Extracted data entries

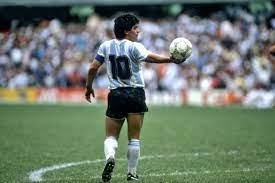 De Valdano y Burru a Di María y Álvarez, los escoltas del ‘10’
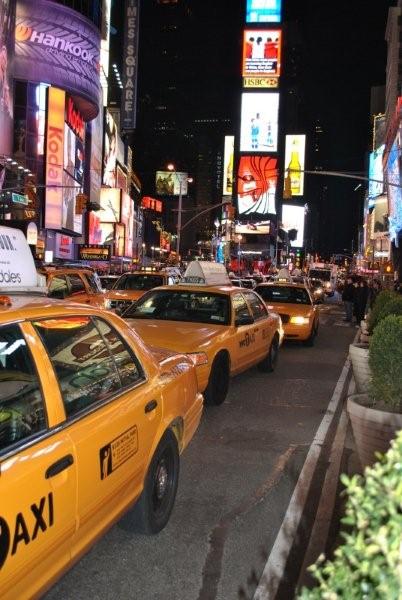 TIMES SQUARE DE NUIT_2.jpg
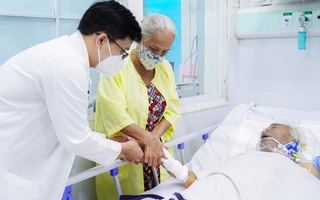 Tài xế xe ôm nguy kịch, không có tiền chữa trị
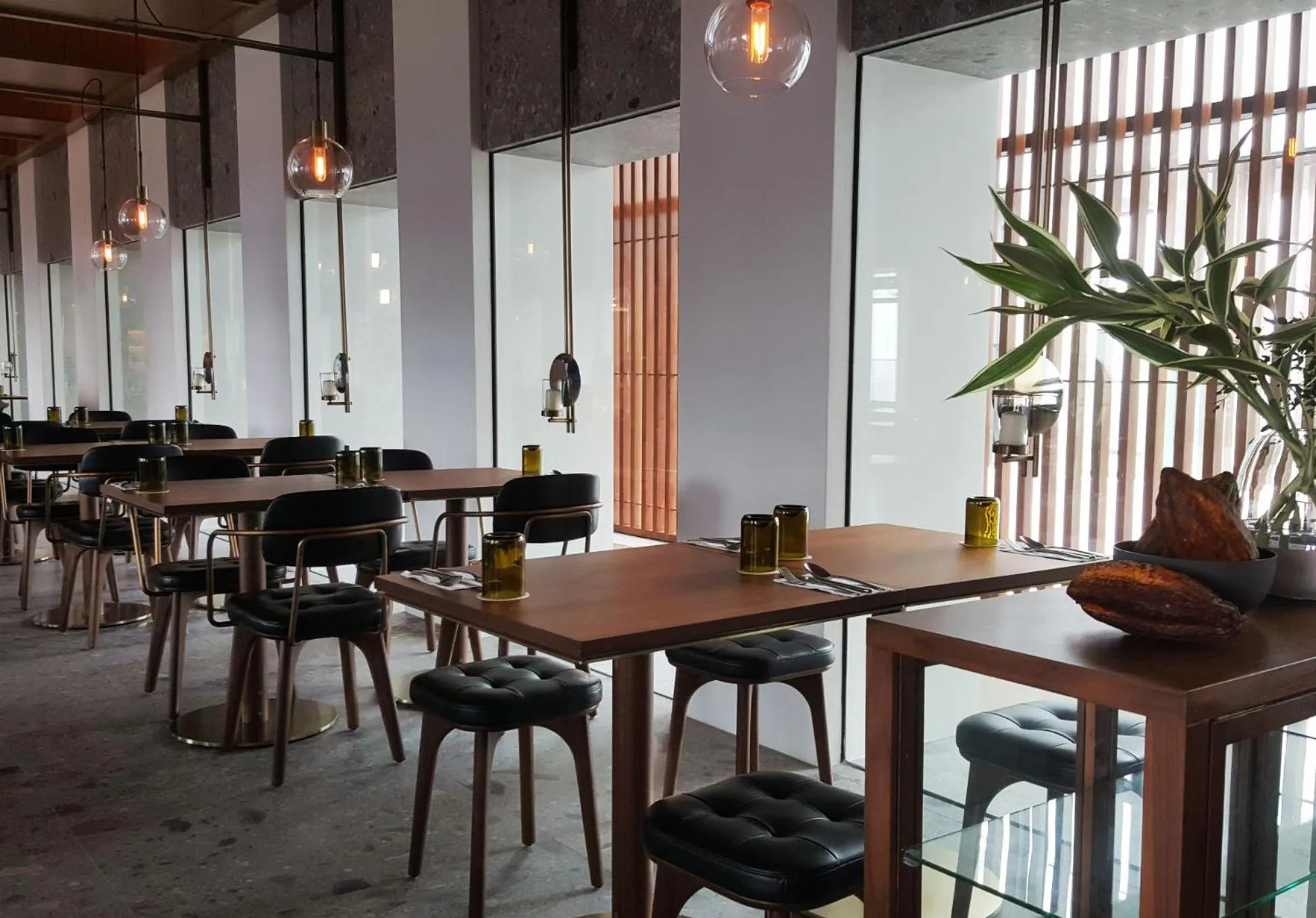 Restaurant/places to eat in KL Sentral, EST Bangsar by SkyLimit Suites
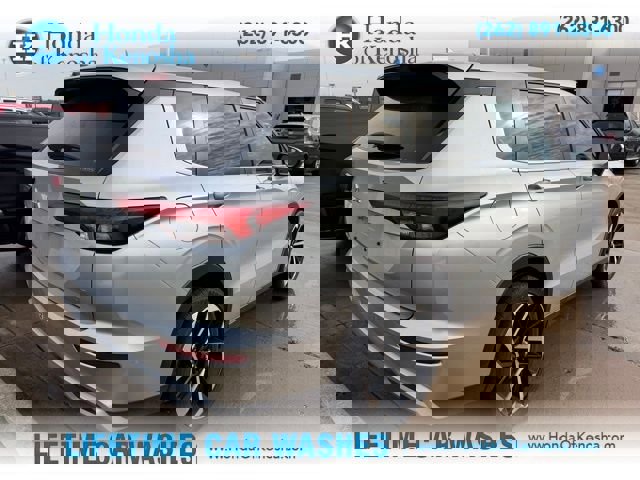 Used 2024 Mitsubishi Outlander AWD image 2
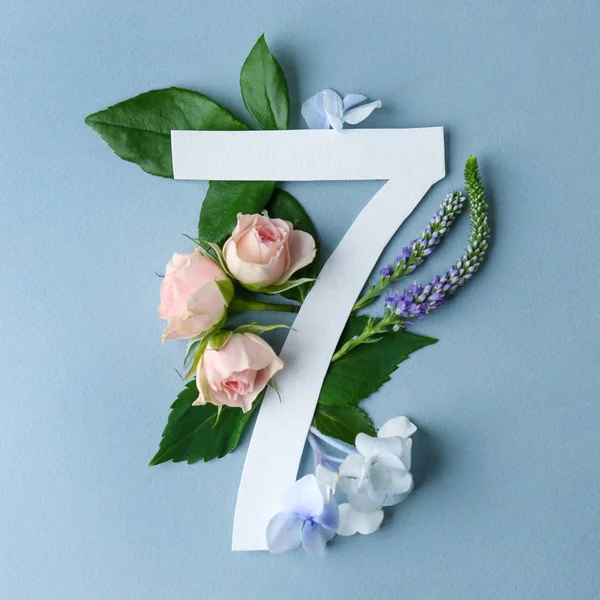 番号 7 と美しい花の組成 — ストック写真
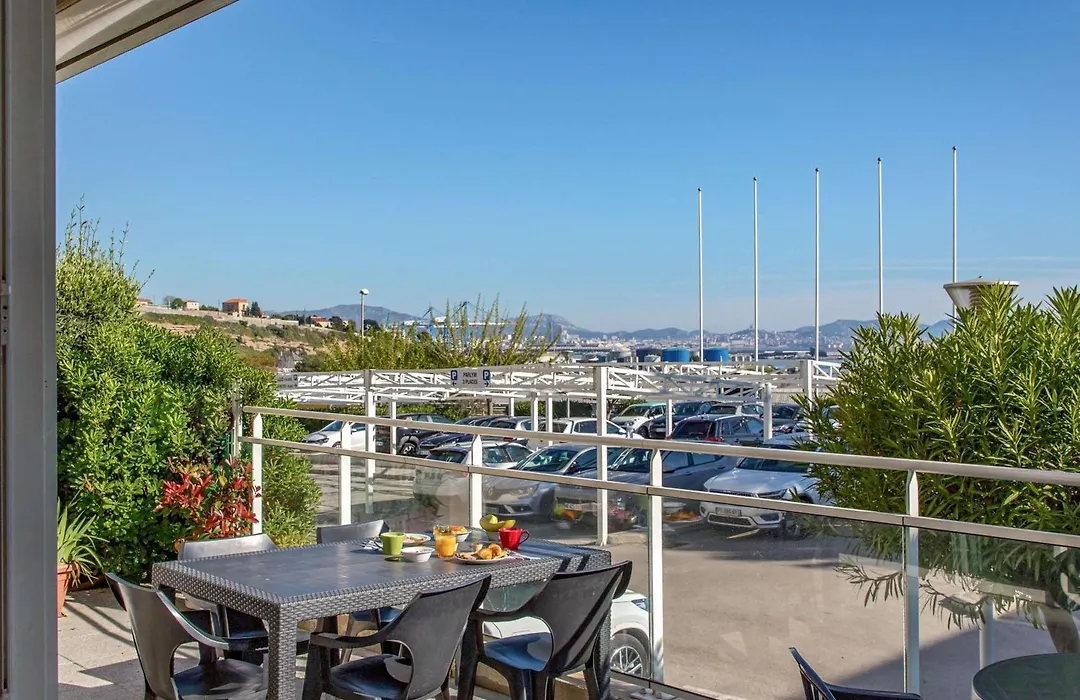 ibis budget Marseille L'Estaque-1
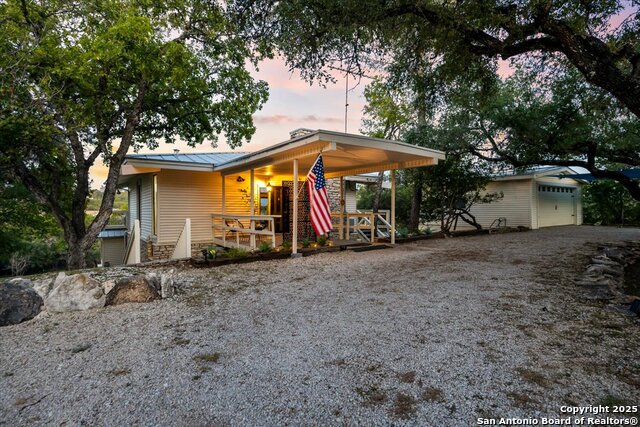 Image 67 of 76 For 4250 Tanglewood Trl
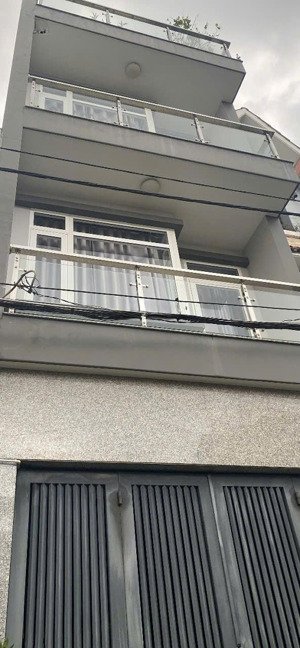 6.5 tỷ nguyễn văn quá p.đông hưng thuân q.12 3 lầu 64m hxh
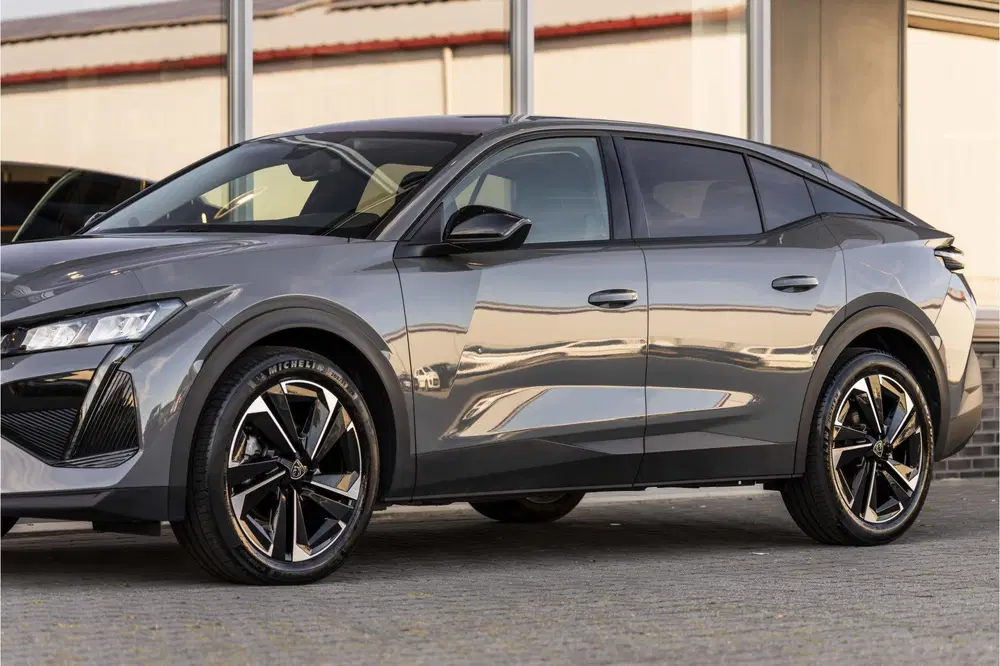 Peugeot 408 1.2 Hybrid 145 e-DCS6 Allure uit 2025, foto 15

#### Assignment:
Take the line containing "ibis budget Marseille L'Estaque-1" as the first line and the last line of the data above as the final one, and output exactly the lines between them, inclusive, with no pictures.

#### Solution:
 ibis budget Marseille L'Estaque-1
 Image 67 of 76 For 4250 Tanglewood Trl
 6.5 tỷ nguyễn văn quá p.đông hưng thuân q.12 3 lầu 64m hxh
 Peugeot 408 1.2 Hybrid 145 e-DCS6 Allure uit 2025, foto 15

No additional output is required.